By Grill Room TeamMarch 24, 2018, 8:35 pm

Fan behavior has made headlines all year long on the PGA Tour, and the topic of conversation doesn't look like it’s going away anytime soon.

The latest example came on Friday at the WGC-Dell Technologies March Play, when James Hahn took to Twitter to complain that a fan deliberately yelled in his backswing on the 15th hole during his match with Jason Dufner, which he lost 3 and 2.

“Whether we like it or not, this is where the game is going,” he tweeted. “My fault for not expecting the worst from fans. Just sucks to lose a match that way.”

The two-time PGA Tour winner followed up his original tweet, clarifying that he can expect bad behavior from all golf fans while still loving and respecting them.

He also pointed out a major difference in comparing golf to other sports, saying some PGA Tour players go to far greater lengths than the typical NFL star to engage with fans on a daily basis.

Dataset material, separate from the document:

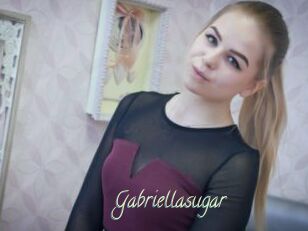 Gabriellasugar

The incident comes on the heels of several recent player run-ins with fans, including Justin Thomas at the Honda Classic, Rory McIlroy at the Arnold Palmer Invitational and Sergio Garcia earlier this week at Austin Country Club.

On Wednesday, PGA Tour commissioner Jay Monahan said that inappropriate fan behavior related to alcohol sales is something his staff is monitoring.